• [Exercise]: From the material below, return exactly the lines starting at the one that holds "MLS #21318829 image #0" and ending at the one that holds "Barrier-Lifter-ABL255-3000-1.webp". Pictures stay out of the answer.

• [Supplied material]:
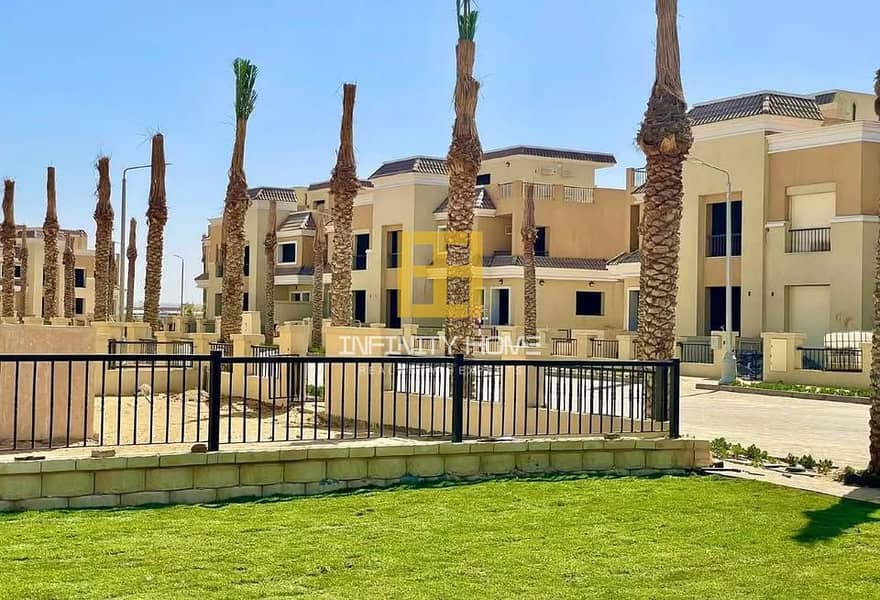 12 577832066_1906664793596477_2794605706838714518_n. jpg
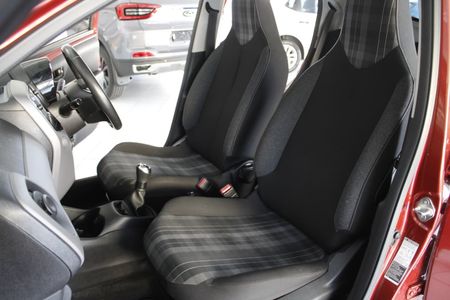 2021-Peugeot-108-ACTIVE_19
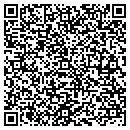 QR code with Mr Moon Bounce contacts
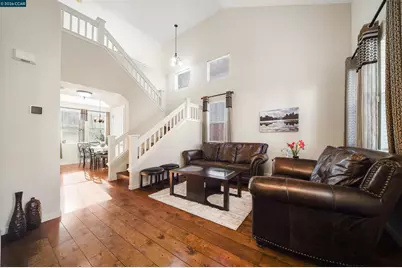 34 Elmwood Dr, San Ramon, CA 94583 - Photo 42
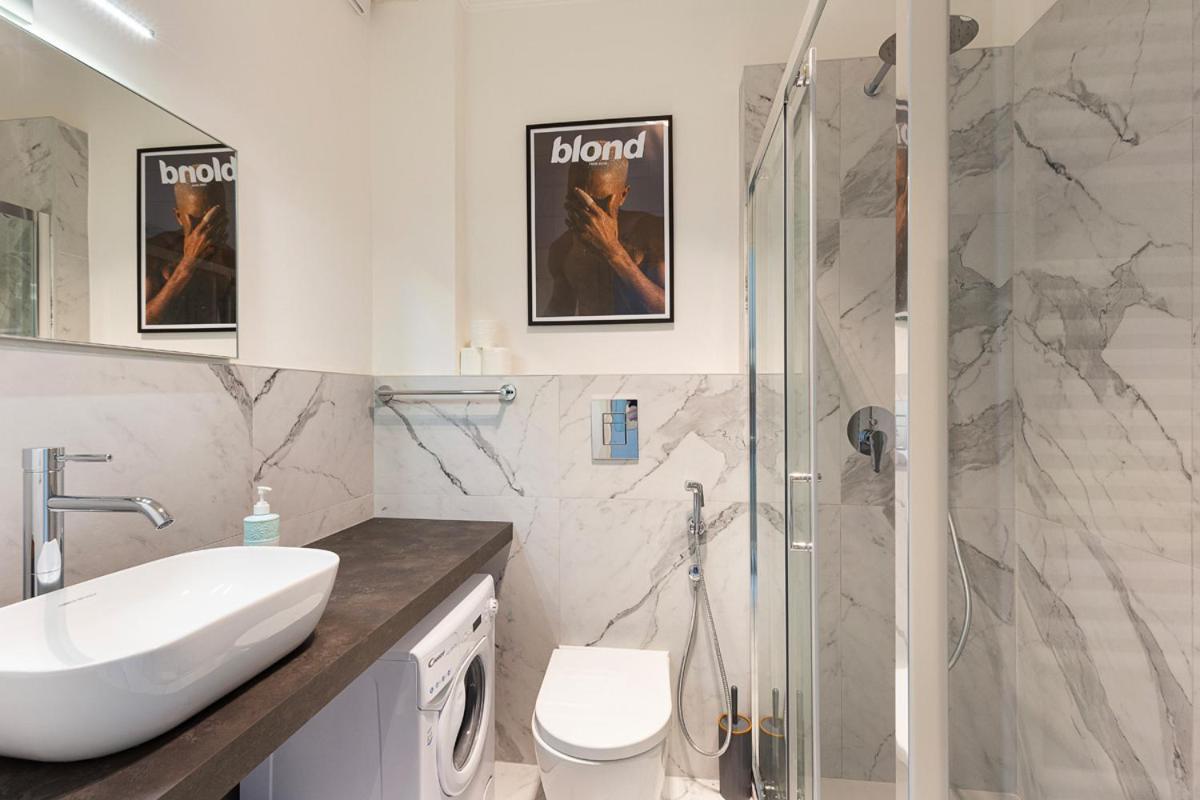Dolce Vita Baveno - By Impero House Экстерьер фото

==

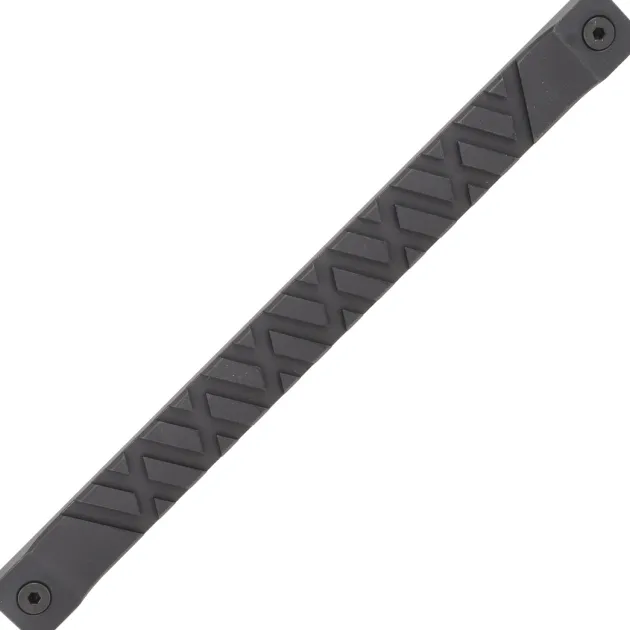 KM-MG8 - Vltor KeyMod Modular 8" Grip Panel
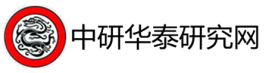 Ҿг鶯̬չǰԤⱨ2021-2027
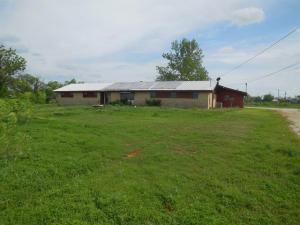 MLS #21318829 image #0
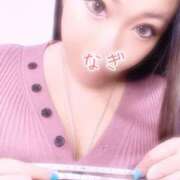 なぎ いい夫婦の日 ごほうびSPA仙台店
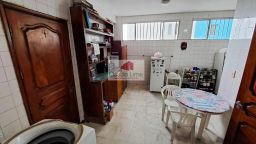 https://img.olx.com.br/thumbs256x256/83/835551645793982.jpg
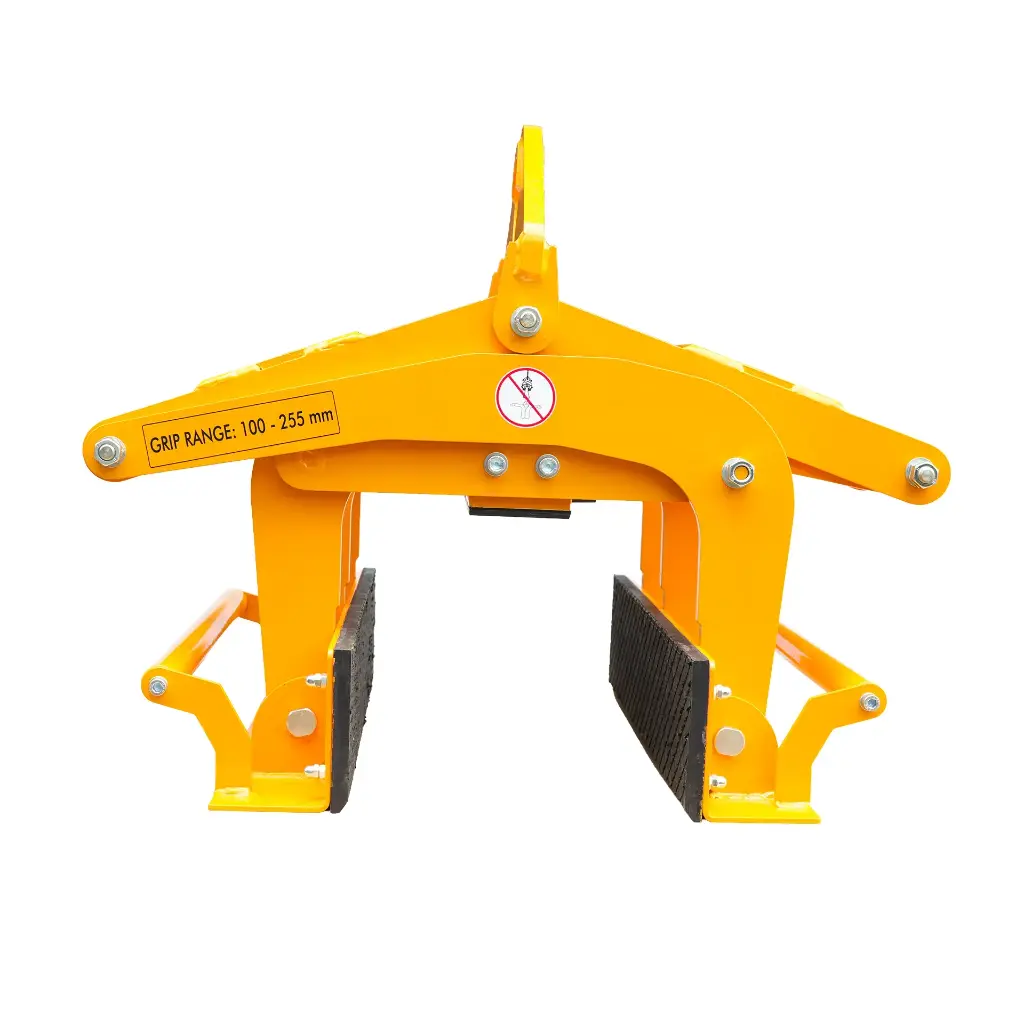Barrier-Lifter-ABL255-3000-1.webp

• [Result for this exercise]:
 MLS #21318829 image #0
 なぎ いい夫婦の日 ごほうびSPA仙台店
 https://img.olx.com.br/thumbs256x256/83/835551645793982.jpg
Barrier-Lifter-ABL255-3000-1.webp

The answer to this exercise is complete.